I’m trying to figure out how to get to the root cause of this. So, this question is more like a brainstorming one.

What Is Happening?

I’m doing a borg backup to my Synology NAS which copies ~100 GB of data for a couple of hours.

This specific backup used to work fine for years. Until it stopped working around April when the network cut-offs started to happen. Suddently, after doing the backup for about 30 minutes up to a couple of hours, at some point the network connection is gone. That is, until I restart sys-net, which fixes it.

It’s 100% reproducible, although the time varies until it happens. But at some point it cuts off.

Changes to the System

There were no relevant hardware-related changes. Maybe an additional hard drive. But not related in my view.

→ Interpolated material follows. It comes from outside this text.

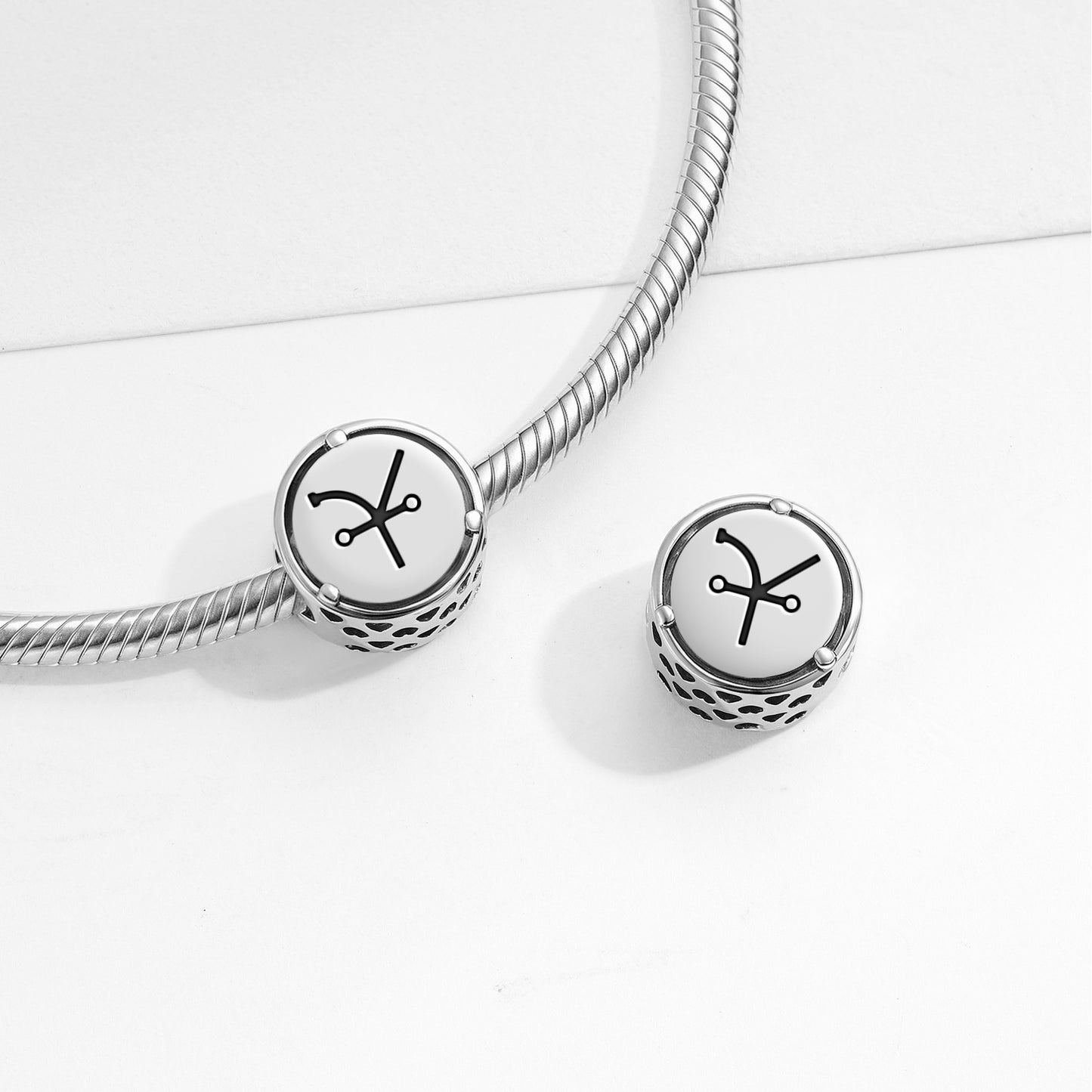 The Yellow sign Lovecraft Symbols Charm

The biggest change was the upgrade from Qubes 4.1 to 4.2. The issues started to happen after the upgrade although I’m not sure how it’s connected. Might as well be a kernel update around that time. Or Fedora/Debian upgrade to a more recent version.

what Did I Try?

So far, I played with sys-net:

  • tried different (Qubes-provided) kernel versions - no avail
  • tried Debian template instead of Fedora template
  • tried increasing memory

No change.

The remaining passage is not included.